**** EXCERPTED DATA ****
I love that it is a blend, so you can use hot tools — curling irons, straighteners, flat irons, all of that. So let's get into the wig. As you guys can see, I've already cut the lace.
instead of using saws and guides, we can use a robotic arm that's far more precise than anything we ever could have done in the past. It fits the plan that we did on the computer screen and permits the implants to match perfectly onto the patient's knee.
****
**** EXCERPTED DATA ****
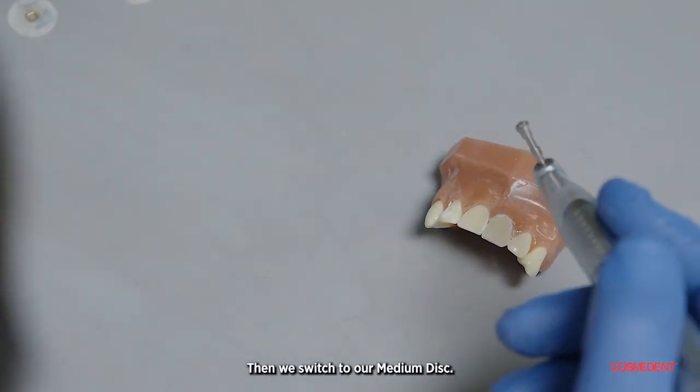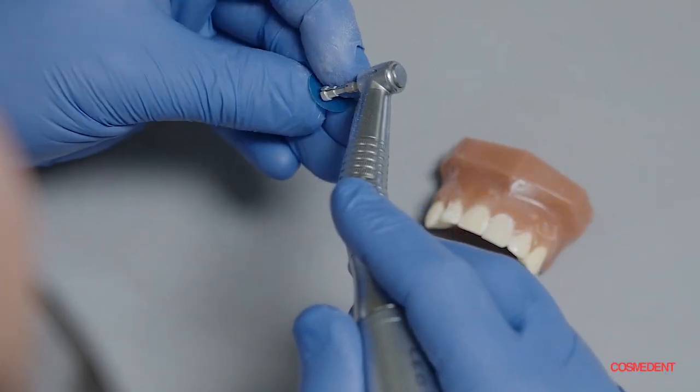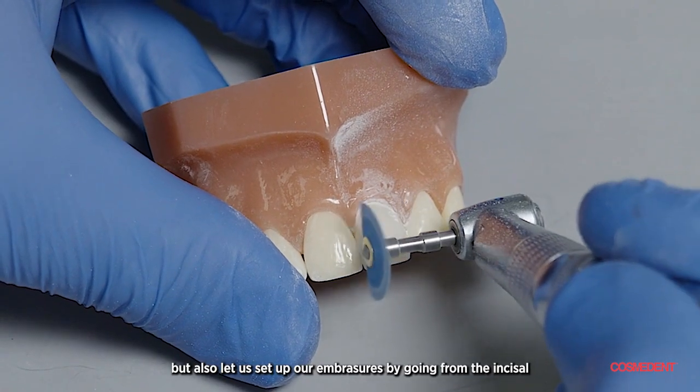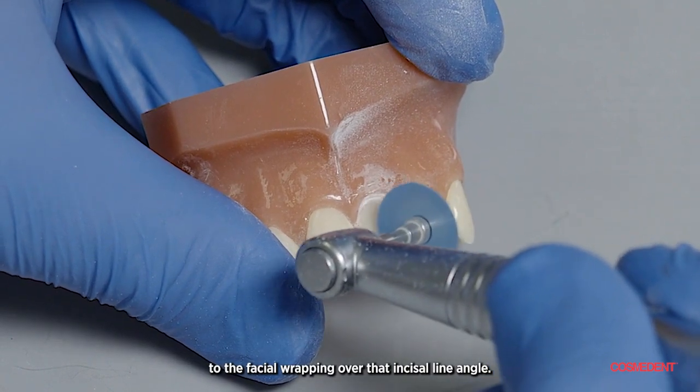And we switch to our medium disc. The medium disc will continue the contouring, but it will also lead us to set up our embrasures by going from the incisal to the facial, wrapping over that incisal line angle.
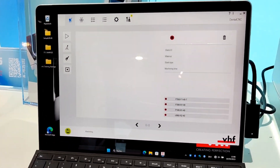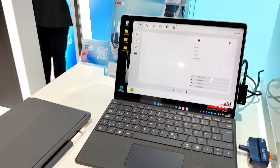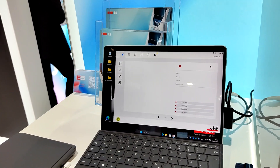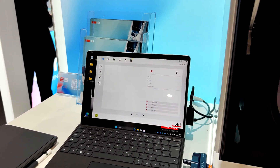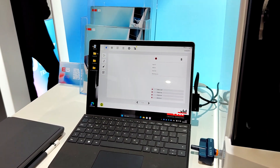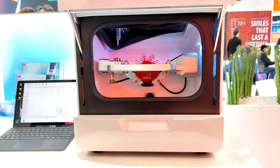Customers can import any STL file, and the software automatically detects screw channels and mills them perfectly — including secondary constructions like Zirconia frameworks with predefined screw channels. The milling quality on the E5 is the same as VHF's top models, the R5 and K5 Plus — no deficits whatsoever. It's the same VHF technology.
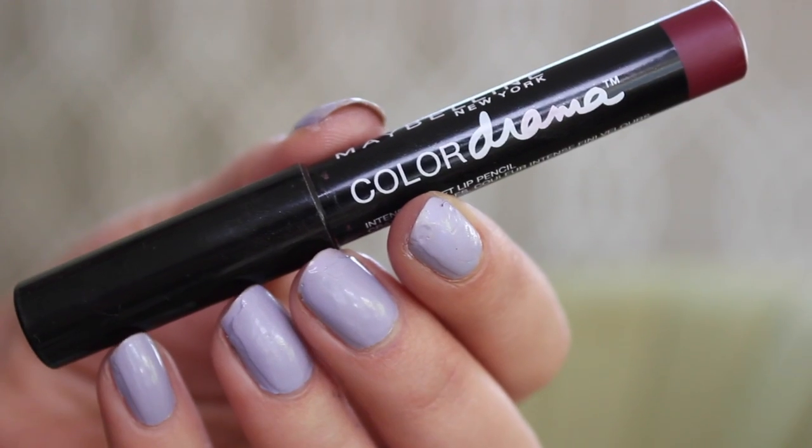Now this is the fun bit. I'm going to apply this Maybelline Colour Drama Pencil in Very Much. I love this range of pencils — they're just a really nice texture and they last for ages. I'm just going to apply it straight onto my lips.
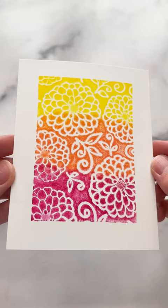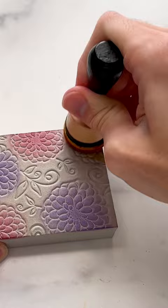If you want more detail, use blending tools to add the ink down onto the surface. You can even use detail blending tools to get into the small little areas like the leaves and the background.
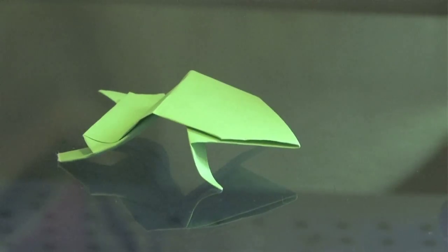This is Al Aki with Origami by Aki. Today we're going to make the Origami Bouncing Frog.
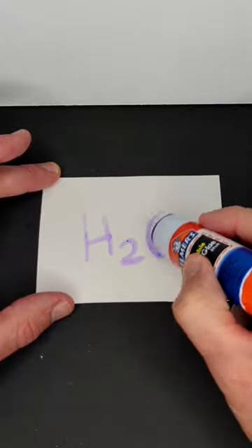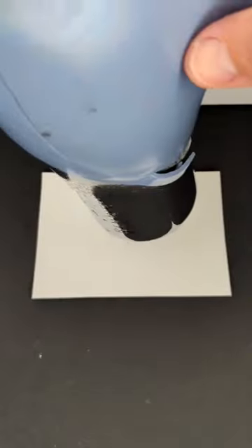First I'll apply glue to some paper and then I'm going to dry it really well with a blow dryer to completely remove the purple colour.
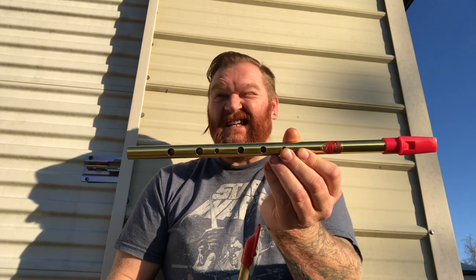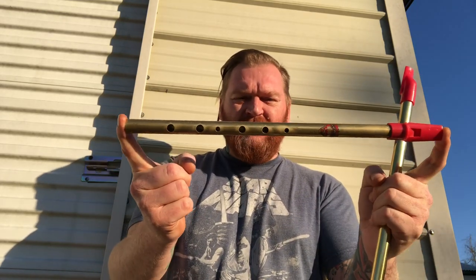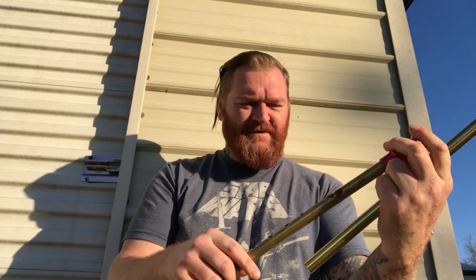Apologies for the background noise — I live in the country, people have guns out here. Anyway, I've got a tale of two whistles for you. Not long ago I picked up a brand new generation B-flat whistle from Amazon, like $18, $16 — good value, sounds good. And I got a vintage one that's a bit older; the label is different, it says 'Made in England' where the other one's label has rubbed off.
****
**** EXCERPTED DATA ****
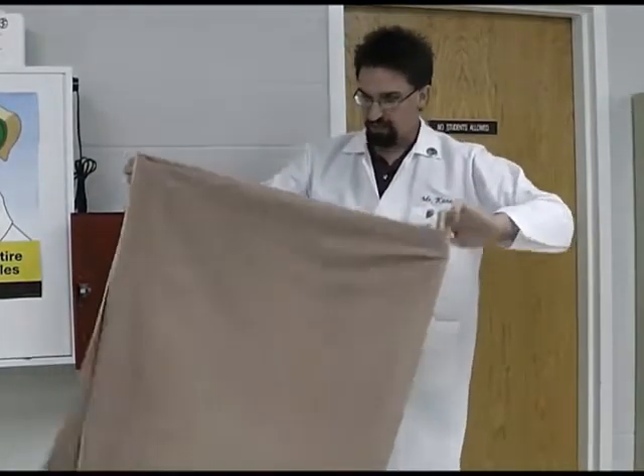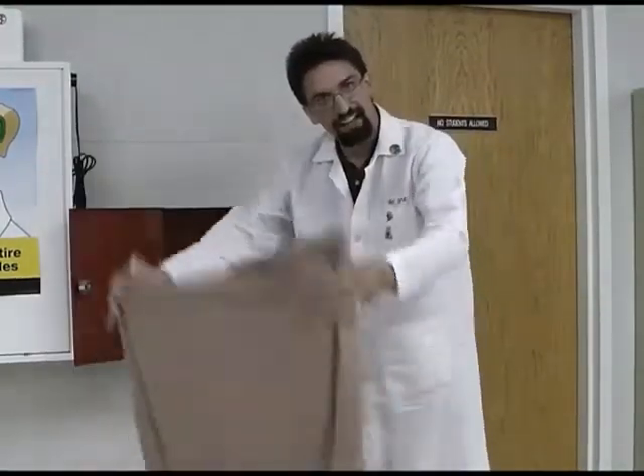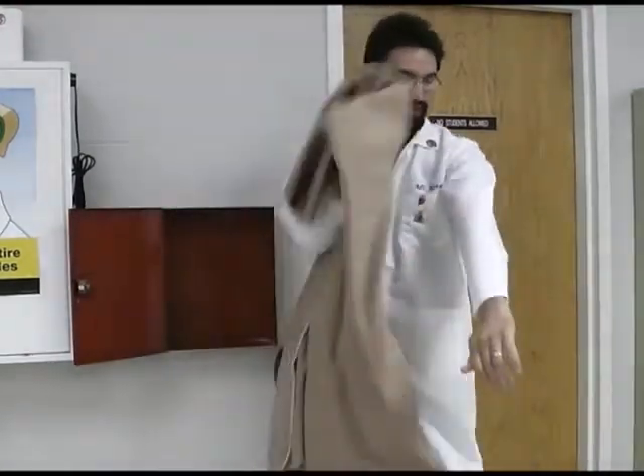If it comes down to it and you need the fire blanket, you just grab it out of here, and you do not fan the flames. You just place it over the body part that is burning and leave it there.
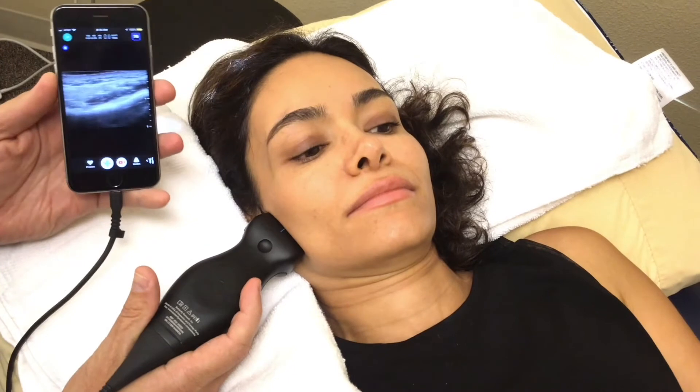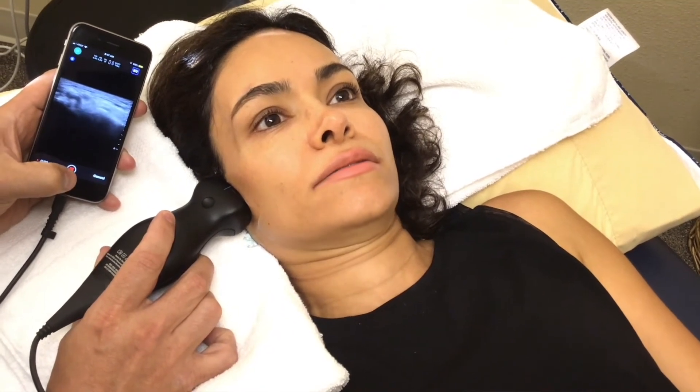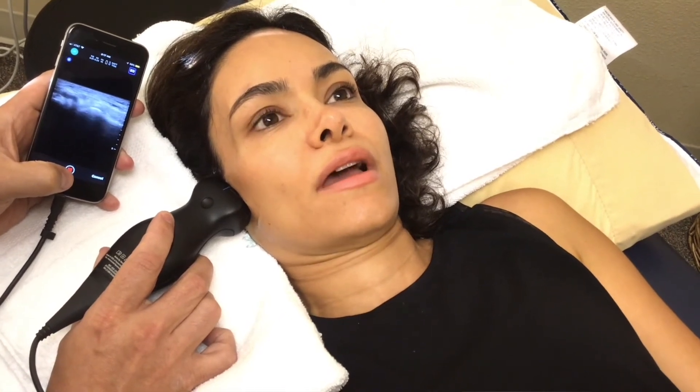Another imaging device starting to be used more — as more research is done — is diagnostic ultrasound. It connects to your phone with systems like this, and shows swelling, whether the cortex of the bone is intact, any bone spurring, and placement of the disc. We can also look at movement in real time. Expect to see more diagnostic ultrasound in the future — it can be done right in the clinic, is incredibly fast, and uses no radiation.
****
WHAT TO DO: Leaving out each picture, repeat exactly the lines above from the one that contains "And we switch" through the one that contains "Now this is".

RESPONSE AREA:
And we switch to our medium disc. The medium disc will continue the contouring, but it will also lead us to set up our embrasures by going from the incisal to the facial, wrapping over that incisal line angle.
Customers can import any STL file, and the software automatically detects screw channels and mills them perfectly — including secondary constructions like Zirconia frameworks with predefined screw channels. The milling quality on the E5 is the same as VHF's top models, the R5 and K5 Plus — no deficits whatsoever. It's the same VHF technology.
Now this is the fun bit. I'm going to apply this Maybelline Colour Drama Pencil in Very Much. I love this range of pencils — they're just a really nice texture and they last for ages. I'm just going to apply it straight onto my lips.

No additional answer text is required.